An unapologetic Gwen Berry says National Anthem is 'disrespectful' to Black Americans
Berry clarified in a recent interview that she's not anti-American and should be allowed to participate in the Olympics come July
Two-time Olympian Gwen Berry sparked controversy during the US team trials for the 2021 Tokyo Olympics after turning away from the American flag while the national anthem was playing. But Berry remains unapologetic as she took time to clarify in a recent interview that she's not anti-American and should still be allowed to participate in the Olympics come July.
In the wake of her gesture, there's been rampant social media backlash from the general public and conservative US senators, who demanded Berry's campaign be defunded, and the athlete disqualified from this year's games. "I never said that I didn't want to go to the Olympic games, that's why I competed and got third and made the team," Berry told the Black News Channel on June 29. Funded by the left-leaning advocate group Color of Change, who also support the defund-the-police campaign, Berry told the host: "I never said that I hated the country. I never said that. All I said was I respect my people enough to not stand for or acknowledge something that disrespects them. I love my people. Point blank, period."
Her diss against the American flag and the anthem, however, still stands. In the interview scheduled on Berry's own 32nd birthday, she further explained: "If you know your history, you know the full song of the National Anthem, the third paragraph speaks to slaves in America, our blood being slain...all over the floor. It's disrespectful and it does not speak for Black Americans. It's obvious. There's no question."
Berry was referring to a disputed part of the national anthem that reads: "And where is that band who so vauntingly swore, that the havoc of war and the battle's confusion. A home and a country, should leave us no more? Their blood has washed out their foul footsteps' pollution. No refuge could save the hireling and slave, From the terror of flight, or the gloom of the grave."

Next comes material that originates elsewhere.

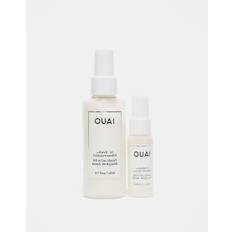 OUAI - Leave in Balsam 140 ml (+ Gratis Mini Balsam 25 ml)-Ingen farve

Berry claims these lines refer to the capture and beating of runaway slaves. The debate surrounding these lines from the song sees one half of historians deem it a direct threat towards slaves, while another half argues it's about manipulating Black Americans to fight for the British in exchange for freedom.
The chat happened after Berry turned away from the flag during her Olympic trials at Eugene, Oregon, on June 26 as the hammer thrower took the podium after coming third place. Berry first placed her hand on her hip, shuffling her feet, before she took a quarter turn to the right and tilted her head to the side, facing the stands. Towards the end of the song, she pulled up her black tee shirt that said the words 'Activist Athlete' and draped it atop her head. This wasn't Berry's first time protesting the national anthem on the stage. The athlete had drawn immense criticism back in the 2019 Pan American Games, where she won a gold medal and put up a fist in the air at the end of the national anthem.
Berry had been called anti-American and disrespectful towards the troops due to her gesture, and she was subsequently suspended for 12 months by the US Olympic and Paralympic Committee. At the time, Berry's father, an Iraq war vet, had defended her, saying: "For her to do that on the podium is more American than anything, if you ask me, because that's what our country is founded on: freedom of expression, freedom of speech.'
Berry's ban was reversed by the USOPC in March this year, as the committee allowed athletes in the US teams to protest with raised clenched fists, and by kneeling down. But last Thursday's events were dubbed a 'set up' by Berry who took the stage as she came third and qualified for the Tokyo Olympics, and the national started playing the moment she got on the podium.
Claiming the song's alignment with her appearance on stage was done on 'purpose' to rile her up, Berry told the outlet: "I was pissed, to be honest," about putting up a fist in the air once again, as the song ended. The US trials have allegedly been playing the national anthem every day per a printed schedule, but the day Berry took the stand, there was a five minute delay in its playing.
Spokeswoman for the US Track & Field, Susan Hazzard, issued a statement explaining: "We didn't wait until the athletes were on the podium for the hammer throw awards. The national anthem is played every day according to a previously published schedule." She added: "We're thrilled with the women's hammer throw team that selected themselves for the Games."